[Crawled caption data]
==============================

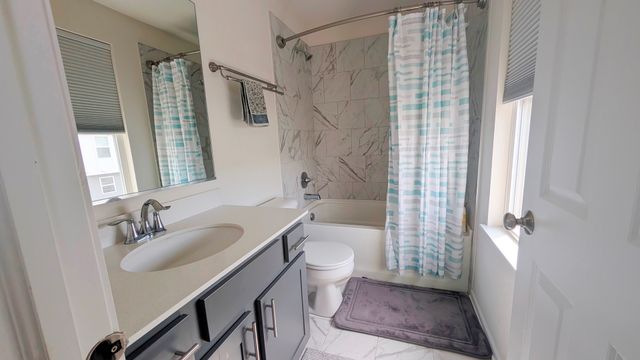 29W730 Cambridge Court 730, Warrenville, IL 60555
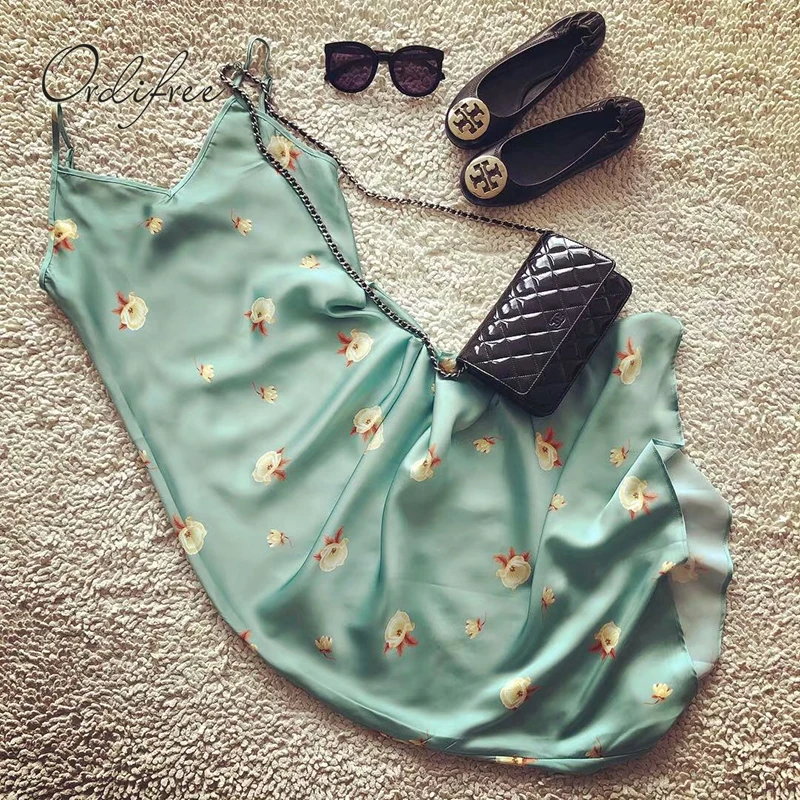 Ordifree 2019 Summer Women Long Satin Dress Vintage Maxi Party Dress Floral Print Sexy Silk Slip Dress
Ordifree 2019 Summer Women Long Satin Dress Vintage Maxi Party Dress Floral Print Sexy Silk Slip Dress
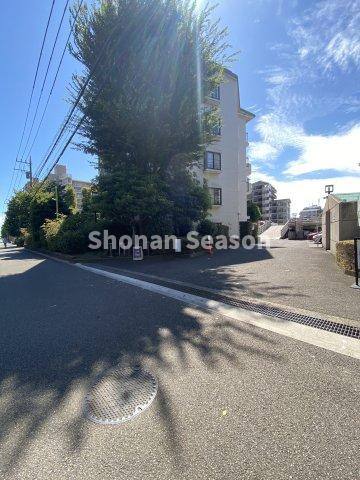 【外観】 | 総戸数125戸のビッグコミュニティ！地上5階部分で眺望も良好です♪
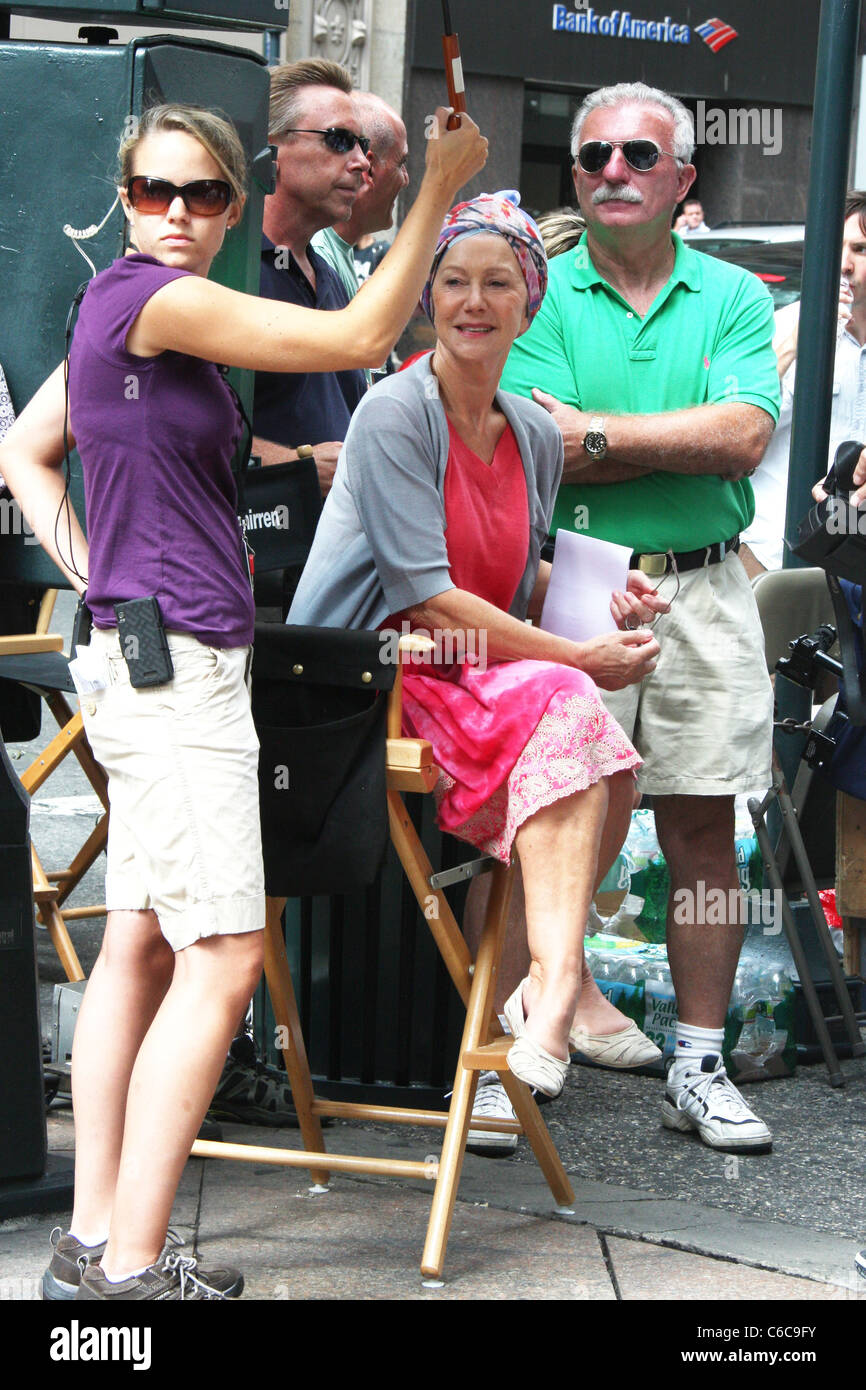 Helen Mirren on the set of the new film 'Arthur' New York City, USA - 03.08.10 Anthony Dixon Stock Photo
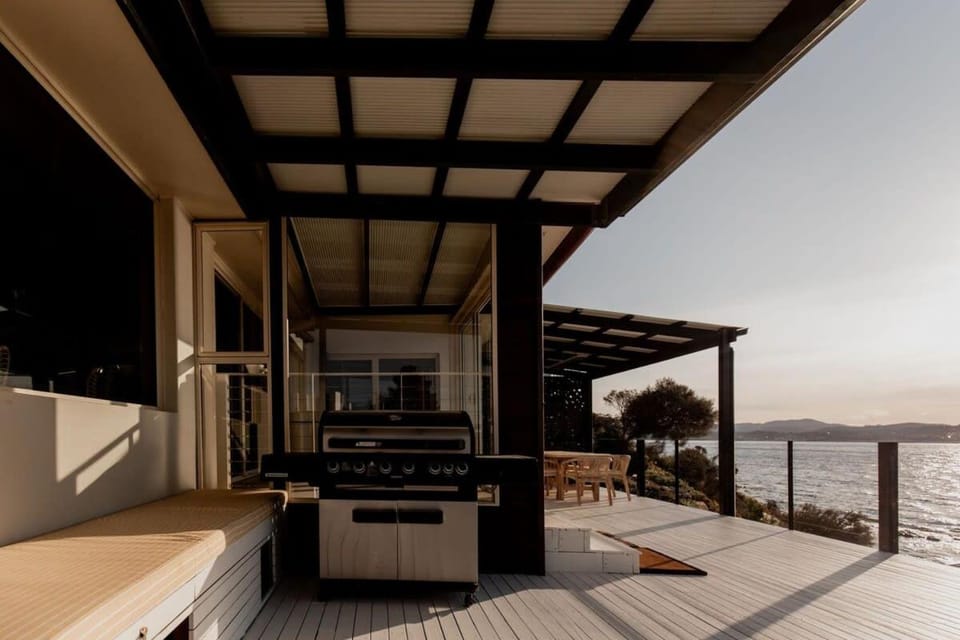 Beachfront Paradise in Opossum Bay House in Tasmania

==============================

# WHAT THE EXERCISE ASKS
From the first line to the last, restate the entries exactly, without pictures.

# WRITTEN ANSWER
 29W730 Cambridge Court 730, Warrenville, IL 60555
 Ordifree 2019 Summer Women Long Satin Dress Vintage Maxi Party Dress Floral Print Sexy Silk Slip Dress
Ordifree 2019 Summer Women Long Satin Dress Vintage Maxi Party Dress Floral Print Sexy Silk Slip Dress
 【外観】 | 総戸数125戸のビッグコミュニティ！地上5階部分で眺望も良好です♪
 Helen Mirren on the set of the new film 'Arthur' New York City, USA - 03.08.10 Anthony Dixon Stock Photo
 Beachfront Paradise in Opossum Bay House in Tasmania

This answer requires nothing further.